Le Dépeceur décala sa tête pour le regarder dans les yeux. Devant son silence, le jeune homme poursuivit d'une voix affaiblie :

« Si cela fait effectivement mille ans que vous êtes apparus sur cette planète, comment avez-vous pu survivre ? Les attaques ne se produisent qu'une fois de temps en temps, ce qui signifie que vous réussissez à vous nourrir autrement. Alors pourquoi nous en particulier ? »

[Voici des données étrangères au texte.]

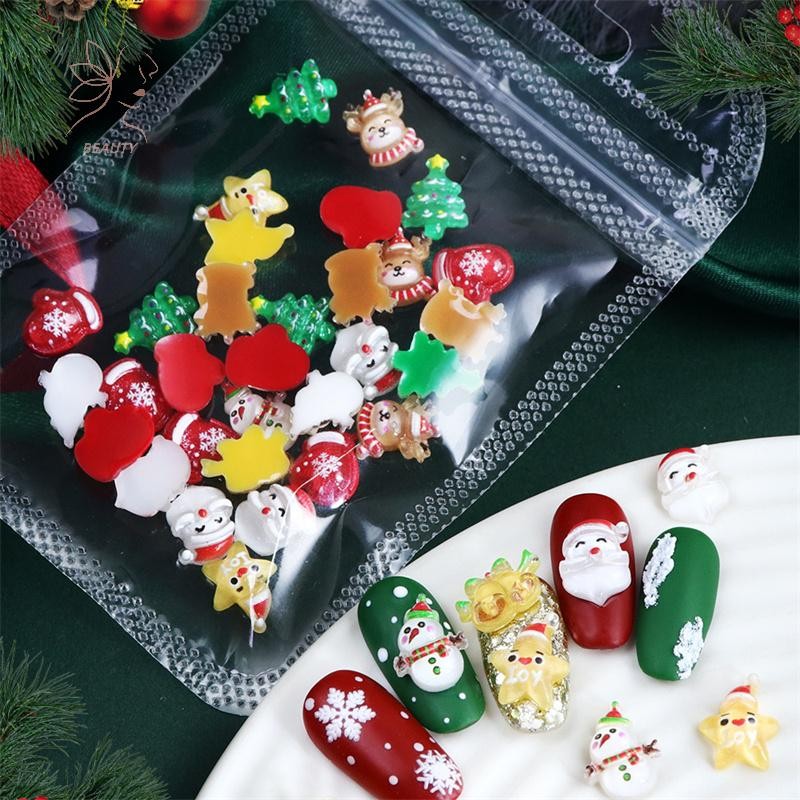 [maybeauty] 30 ชิ้นเรซิ่นมินิที่มีสีสันทาสีคริสต์มาส Snowman Tree Santa Claus Deer Flatback Figurines DIY สมุดภาพหัตถกรรม {TH}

La créature continua de garder le silence mais posa son crâne aux pieds de Zircon en soufflant par ses naseaux. Ses grands yeux fixèrent le jeune homme dans un mélange de fureur et de culpabilité, comme si le Dépeceur avait eu besoin de diriger sa colère sur quelque chose de tangible.

Se produisit à ce moment-là l'un des événements les plus étranges de cette nuit. Une lueur se profila à l'intérieur du corps de la créature et sembla se déplacer. La respiration du Dépeceur accéléra lorsque l'intrigant objet luminescent s'échappa de son corps par sa blessure encore ouverte pour se diriger vers Zircon. Même si celui-ci essaya d'y échapper, la chose qui s'était extraite du monstre entra en lui par la plaie béante qu'il avait.

Le choc du contact fut très douloureux pour le jeune homme. Sa peau, son sang, son esprit : son être entier sembla s'embraser. La sensation était si insupportable que Zircon hurla de toutes ses forces et se contorsionna pour essayer d'échapper à ce qu'il endurait. Le phénomène ne dura qu'une minute, pourtant le jeune homme eut plusieurs fois le temps de souhaiter que quelqu'un l'achève ou lui allège quelque peu son fardeau.

La minute passée, il fut complètement épuisé et affaibli. Dans un dernier élan de volonté, il tourna la tête vers le Dépeceur qui semblait mort, puis s'écroula face contre terre. Sa vision se brouilla et il ferma les yeux.